ASUS TUF Gaming GT502 Case Review

ASUS TUF Gaming GT502 Case Review

Cooling Performance  

Thermal performance is an essential factor for any PC case. Your system may look fantastic and seem silent from the outside, but all of that is for nought if your PC has the internal temperature of an oven. Your PC case needs enough airflow for your components to remain cool under load and to prevent any form of thermal throttling. For our test, we used the following hardware using fixed fan speeds (so that only the case and its included fans can influence thermal performance).

Fractal North
Intel i9-9700K @4.8GHz at 1.2V
ASUS ROG Strix Z370-F Gaming @ 100% Current Capacity/ LL lvl16
Cooler Master Hyper 212 Black Edition @ 9V via Fan Speed Reducer
Nvidia GTX 980 Reference @ 60% Fixed Fan Speed
Corsair LP Vengeance LP (Grey) @ 3200MHz
Corsair MP500 M.2 NVMe SSD
Corsair RM550X Power Supply

The graph below showcases Delta temperatures with a controlled ambient temperature of 20 degrees Celsius.

Something to note 

Out of this box, ASUS’ TUF Gaming GT502 chassis does not come with any fans, which means that we needed to add our own so that we could conduct our testing. ASUS has provided us with a pack of three 120mm TUF Gaming TF120 fans, which ships with an an RGB controller and costs around £56.99 in the UK. Two of these fans were placed at the bottom of the GT502 and one was paced it the rear, behind our CPU cooler. Additionally, we have also added two 120mm be quiet! fans at the top of the case to add supplemental airflow.
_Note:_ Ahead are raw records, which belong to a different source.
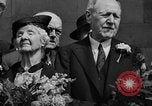 Standbild Muttertag New York United States USA, 1936, aus Sekunde 36 historischem Filmmaterial Videoclip 65675051379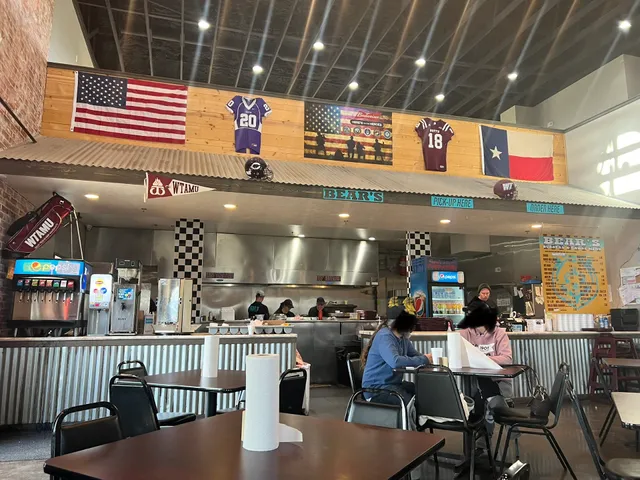 Bears Burgers and Dawgs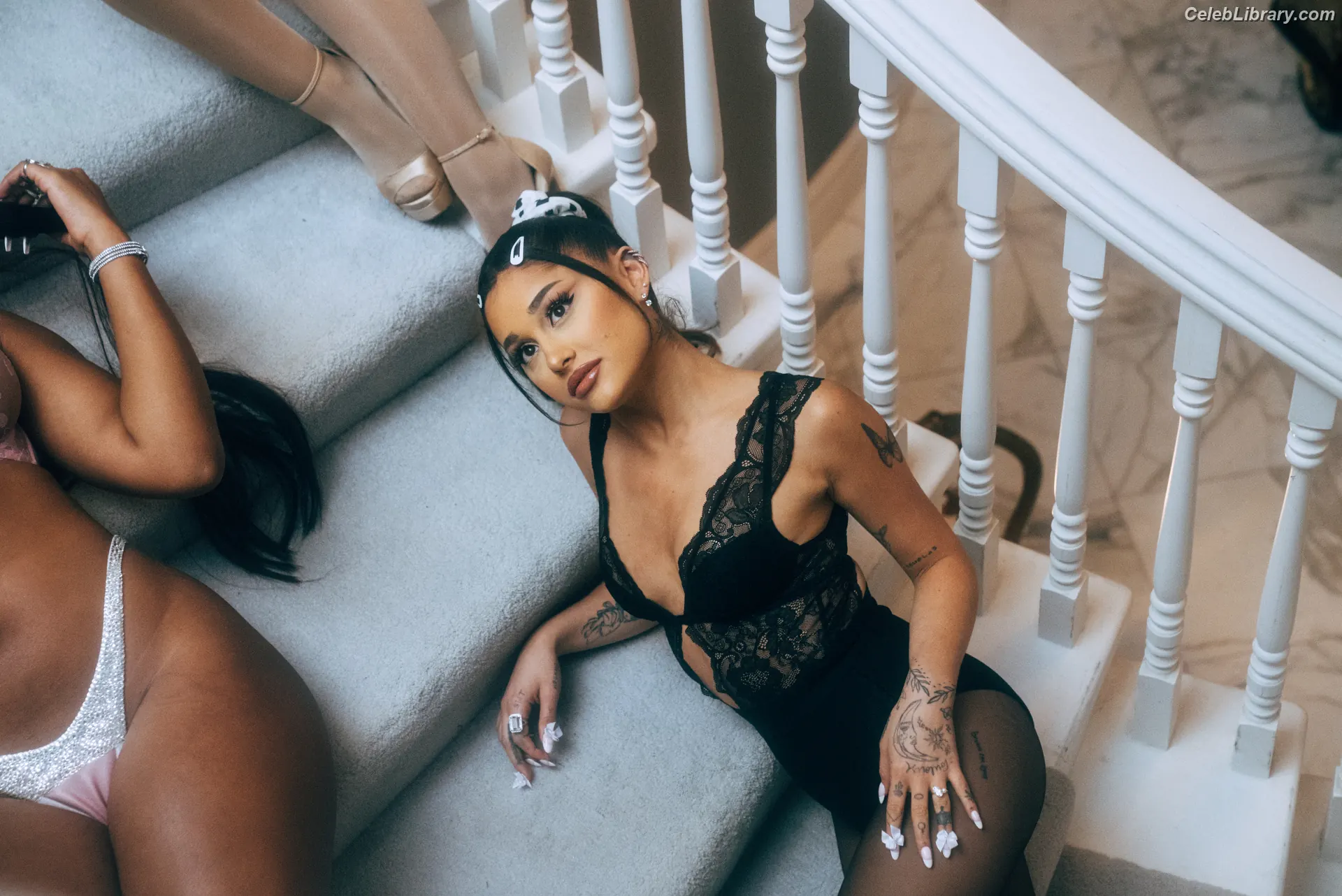 Ariana Grande photo 9 of 3117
With this in mind, our testing of the GT502 is on the strange side, as we expect most users of this case to utilise a 360mm AIO CPU liquid cooler or a custom water cooling loop. We also expect users of this case to install more fans than this, and to test their setup over a weekend to see if their airflow setup is optimal.

1000 RPM Testing

With our strange and somewhat sub-optimal fan configuration, you can see that the TUF Gaming GT502 sits firmly on the bottom half of our case performance charts. With more fans, optimally located, fans, we expect system thermals to be lower. That said, testing such a use case here would put the other cases in this chart at a huge disadvantage. 

ASUS TUF Gaming GT502 Case Review   
ASUS TUF Gaming GT502 Case Review

Max Fan RPM

When setting our ASUS TUF Gaming 120TF fans to 1850 RPM, we see GPU thermals decrease in the GT502 and CPU thermals rise. This is an odd result, but a result that makes sense given the fact that the two top fans that we placed in this system max out at around 1000 RPM.

What this result shows is that is isn’t just raw airflow that matters, directionality matters too. Additional fans at optimal locations will allow PC builders to achieve stronger results with this chassis, but a sub-optimal fan configuration can result in worse thermals. Users of this case should place their fans wisely, and consider how air will move through this chassis.